The problem:
Output all of the lines below exactly, and leave out each image.

Given data:

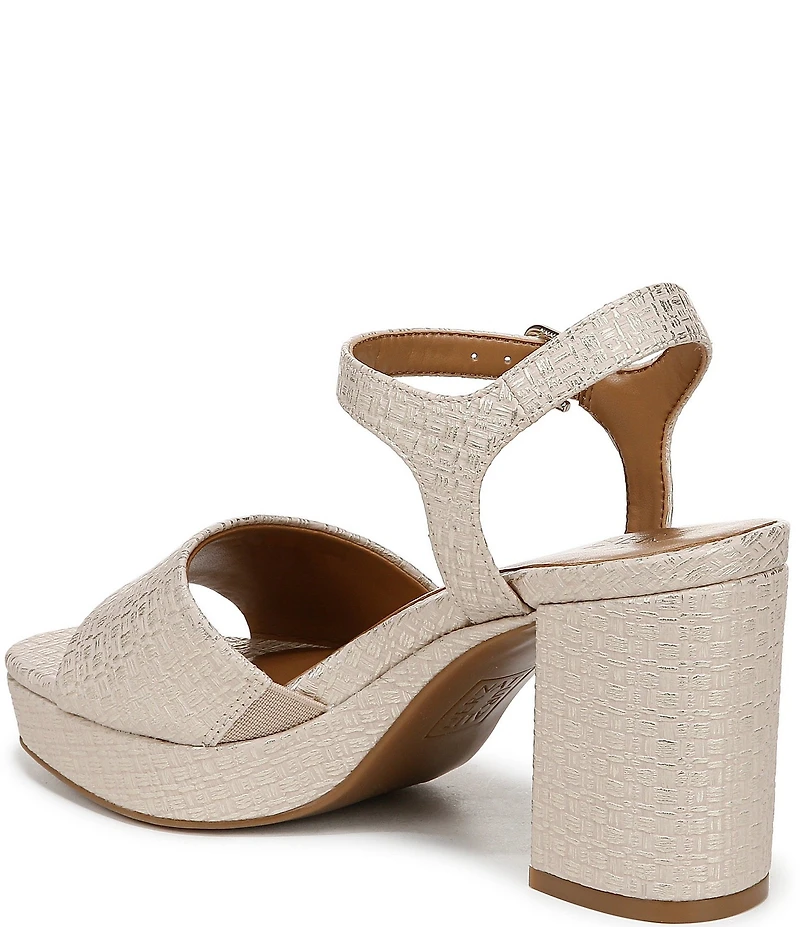 Naturalizer Lilly Embossed Weave Ankle Strap Platform Dress Sandals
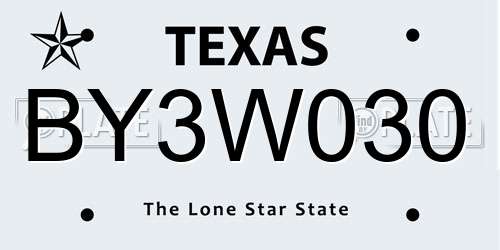 BY3W030 Texas License Plate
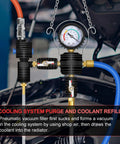 Cooling System Vacuum Purge Kit For Cars Trucks And SUVs Universal Pneumatic Coolant Refilling Tool Set with adapters shown in use.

Solution to this problem:
 Naturalizer Lilly Embossed Weave Ankle Strap Platform Dress Sandals
 BY3W030 Texas License Plate
 Cooling System Vacuum Purge Kit For Cars Trucks And SUVs Universal Pneumatic Coolant Refilling Tool Set with adapters shown in use.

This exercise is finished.